Crackdown Crackup

The crackdown on drug gangs in Mexico is leading to a crackup.

CIUDAD JUAREZ, Mexico -- In this carnage-racked border city of 1.3 million, more than 80 murders have been clocked in the past three weeks, and kidnappings, extortions, robberies and rapes further bedevil an already rattled population.

So far, the new year looks to be bringing as much if not more havoc than the last. The demons are loose.

"Walking in the streets of Juárez is an extreme sport," said political scientist Tony Payan, an expert on border violence, repeating a grim quip making the rounds.

Though little more than 1 percent of Mexico's 105 million population lives in Juárez, it accounted for a third of the country's nearly 5,400 gangland murders last year, according to the federal government. And with President Felipe Calderón's war on the country's powerful drug syndicates unlikely to abate, this city bordering El Paso looks to remain a prime battleground.

Some U.S. security experts warn that Mexico teeters on meltdown -- of being a "failed state." Irritated Mexican leaders shrug off the notion, but Juárez's criminal chaos wails like a siren before an approaching storm.

That is pretty bad and predicted to get worse. In the mean time Guatemala has a better idea.
Guatemala is so overrun by drug traffickers that in 2005 its top anti-drug minister was arrested in the U.S. for smuggling cocaine. U.S. Drug Enforcement Agency officials describe the country as "the biggest conduit of Colombian cocaine to Mexico," where only 2% of murders are prosecuted.

"Guatemala is the closest thing we have to a failed state in Central America," says Kevin Casas-Zamora, former vice president of Costa Rica and a senior fellow at the Brookings Institution.

Yet somehow a complete surrender to the narcotics trade has left Guatemala better off than its neighbors. Wanton political and judicial corruption have, if anything, greased the wheels of business interests and kept violent crime rates below that for its regional neighbors.

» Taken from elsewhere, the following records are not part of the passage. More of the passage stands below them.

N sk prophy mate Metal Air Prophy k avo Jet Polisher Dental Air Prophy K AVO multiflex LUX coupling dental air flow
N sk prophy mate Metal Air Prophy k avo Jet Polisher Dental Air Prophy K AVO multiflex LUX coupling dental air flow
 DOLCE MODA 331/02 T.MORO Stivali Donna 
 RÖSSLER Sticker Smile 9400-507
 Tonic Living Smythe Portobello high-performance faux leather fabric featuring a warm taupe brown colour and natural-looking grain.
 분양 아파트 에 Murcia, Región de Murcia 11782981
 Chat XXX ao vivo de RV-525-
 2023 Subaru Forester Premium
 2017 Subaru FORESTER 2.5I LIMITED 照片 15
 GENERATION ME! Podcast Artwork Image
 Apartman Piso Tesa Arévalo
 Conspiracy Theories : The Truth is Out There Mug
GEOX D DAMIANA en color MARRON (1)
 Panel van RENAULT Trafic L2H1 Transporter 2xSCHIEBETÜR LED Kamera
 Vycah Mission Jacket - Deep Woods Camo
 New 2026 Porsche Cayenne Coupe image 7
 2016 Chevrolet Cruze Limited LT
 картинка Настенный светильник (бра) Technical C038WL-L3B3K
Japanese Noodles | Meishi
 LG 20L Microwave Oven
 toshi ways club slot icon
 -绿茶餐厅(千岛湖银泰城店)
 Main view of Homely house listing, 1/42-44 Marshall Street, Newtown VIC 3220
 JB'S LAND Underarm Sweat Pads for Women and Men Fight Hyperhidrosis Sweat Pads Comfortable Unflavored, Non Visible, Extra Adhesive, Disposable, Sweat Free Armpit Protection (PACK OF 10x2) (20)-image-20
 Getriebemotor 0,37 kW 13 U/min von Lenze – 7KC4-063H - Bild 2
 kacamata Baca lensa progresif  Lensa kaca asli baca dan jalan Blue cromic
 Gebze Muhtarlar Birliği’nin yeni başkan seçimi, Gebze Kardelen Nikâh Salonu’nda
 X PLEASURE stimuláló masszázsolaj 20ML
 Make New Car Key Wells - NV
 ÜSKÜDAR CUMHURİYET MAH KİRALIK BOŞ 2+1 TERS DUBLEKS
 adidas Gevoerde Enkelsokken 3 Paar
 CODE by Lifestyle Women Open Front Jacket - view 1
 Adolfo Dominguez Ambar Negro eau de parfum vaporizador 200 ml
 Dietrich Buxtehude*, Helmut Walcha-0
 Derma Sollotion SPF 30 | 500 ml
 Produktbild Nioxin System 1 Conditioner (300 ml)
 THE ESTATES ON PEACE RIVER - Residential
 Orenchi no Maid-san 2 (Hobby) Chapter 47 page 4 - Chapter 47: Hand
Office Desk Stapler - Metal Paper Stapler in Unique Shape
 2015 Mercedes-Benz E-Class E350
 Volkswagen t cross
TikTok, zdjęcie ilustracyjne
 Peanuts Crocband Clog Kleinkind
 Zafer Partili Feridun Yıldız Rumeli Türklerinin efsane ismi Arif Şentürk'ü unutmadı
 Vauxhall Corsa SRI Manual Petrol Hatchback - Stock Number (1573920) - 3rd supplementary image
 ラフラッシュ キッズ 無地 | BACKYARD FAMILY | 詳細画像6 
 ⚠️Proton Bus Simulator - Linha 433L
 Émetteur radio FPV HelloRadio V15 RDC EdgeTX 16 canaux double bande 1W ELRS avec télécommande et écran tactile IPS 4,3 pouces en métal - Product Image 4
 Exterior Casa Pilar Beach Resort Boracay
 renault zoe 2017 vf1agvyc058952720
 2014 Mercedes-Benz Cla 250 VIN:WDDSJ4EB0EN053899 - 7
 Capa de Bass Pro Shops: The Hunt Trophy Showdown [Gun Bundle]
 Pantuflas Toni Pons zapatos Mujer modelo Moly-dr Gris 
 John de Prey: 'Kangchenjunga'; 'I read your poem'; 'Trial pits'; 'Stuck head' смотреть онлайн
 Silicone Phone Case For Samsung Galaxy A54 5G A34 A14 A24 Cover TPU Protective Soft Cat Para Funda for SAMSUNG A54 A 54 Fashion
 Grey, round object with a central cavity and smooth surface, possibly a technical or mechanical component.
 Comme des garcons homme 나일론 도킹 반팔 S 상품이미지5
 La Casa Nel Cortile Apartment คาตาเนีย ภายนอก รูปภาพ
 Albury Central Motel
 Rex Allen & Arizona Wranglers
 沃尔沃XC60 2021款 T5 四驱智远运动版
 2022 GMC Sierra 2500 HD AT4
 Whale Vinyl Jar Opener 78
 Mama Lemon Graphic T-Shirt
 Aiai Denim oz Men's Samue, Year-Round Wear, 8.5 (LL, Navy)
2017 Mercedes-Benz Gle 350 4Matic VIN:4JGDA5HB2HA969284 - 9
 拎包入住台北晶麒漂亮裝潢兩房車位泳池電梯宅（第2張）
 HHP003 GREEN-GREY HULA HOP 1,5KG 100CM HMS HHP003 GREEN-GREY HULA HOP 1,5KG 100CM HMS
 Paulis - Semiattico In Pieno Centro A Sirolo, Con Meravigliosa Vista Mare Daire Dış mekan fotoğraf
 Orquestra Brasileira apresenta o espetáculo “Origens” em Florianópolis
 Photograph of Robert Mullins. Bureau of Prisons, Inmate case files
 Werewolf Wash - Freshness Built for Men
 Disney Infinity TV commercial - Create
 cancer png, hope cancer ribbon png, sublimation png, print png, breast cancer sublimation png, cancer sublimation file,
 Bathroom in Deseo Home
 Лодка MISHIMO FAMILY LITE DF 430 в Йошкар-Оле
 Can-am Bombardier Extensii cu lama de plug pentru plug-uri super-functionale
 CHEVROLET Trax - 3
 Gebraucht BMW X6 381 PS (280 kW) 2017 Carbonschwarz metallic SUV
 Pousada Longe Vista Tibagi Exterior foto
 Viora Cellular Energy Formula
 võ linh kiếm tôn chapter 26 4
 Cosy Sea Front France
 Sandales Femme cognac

So let me see if I have this straight. Let the drug gangs control the drug trade without interference and violence goes down. Interfere with their business and violence goes up. In other words de facto legalization works. I wonder what de jure legalization would look like? Maybe we could get the violence down without corruption. Then you have to ask yourself what would politicians do for a living? Simple. There is always infrastructure. Say isn't that new guy from Chicago big on infrastructure? Hmmmm. I think he has a plan.